WHAT THE TASK ASKS. One number alone answers this: the count of lines below in which the word "have" is found.

RECORD EXCERPTS.
:::::

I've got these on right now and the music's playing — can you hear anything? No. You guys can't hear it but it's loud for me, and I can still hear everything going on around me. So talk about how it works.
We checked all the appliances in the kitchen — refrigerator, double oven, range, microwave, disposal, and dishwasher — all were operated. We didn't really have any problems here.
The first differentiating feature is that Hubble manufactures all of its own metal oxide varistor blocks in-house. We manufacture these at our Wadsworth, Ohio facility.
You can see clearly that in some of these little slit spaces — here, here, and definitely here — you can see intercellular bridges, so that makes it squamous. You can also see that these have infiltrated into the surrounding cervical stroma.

:::::

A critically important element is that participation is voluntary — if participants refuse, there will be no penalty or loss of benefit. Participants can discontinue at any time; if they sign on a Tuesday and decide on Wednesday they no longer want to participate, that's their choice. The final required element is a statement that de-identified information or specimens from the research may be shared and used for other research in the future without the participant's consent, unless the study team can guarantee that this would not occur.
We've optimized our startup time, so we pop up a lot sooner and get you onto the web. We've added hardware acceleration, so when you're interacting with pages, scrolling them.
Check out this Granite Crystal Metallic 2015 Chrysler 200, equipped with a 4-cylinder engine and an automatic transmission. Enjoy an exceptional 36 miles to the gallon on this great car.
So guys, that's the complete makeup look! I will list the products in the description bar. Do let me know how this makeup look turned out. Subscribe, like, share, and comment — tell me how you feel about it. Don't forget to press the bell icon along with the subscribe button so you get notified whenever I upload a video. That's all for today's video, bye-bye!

:::::

EXERCISE RESPONSE. 2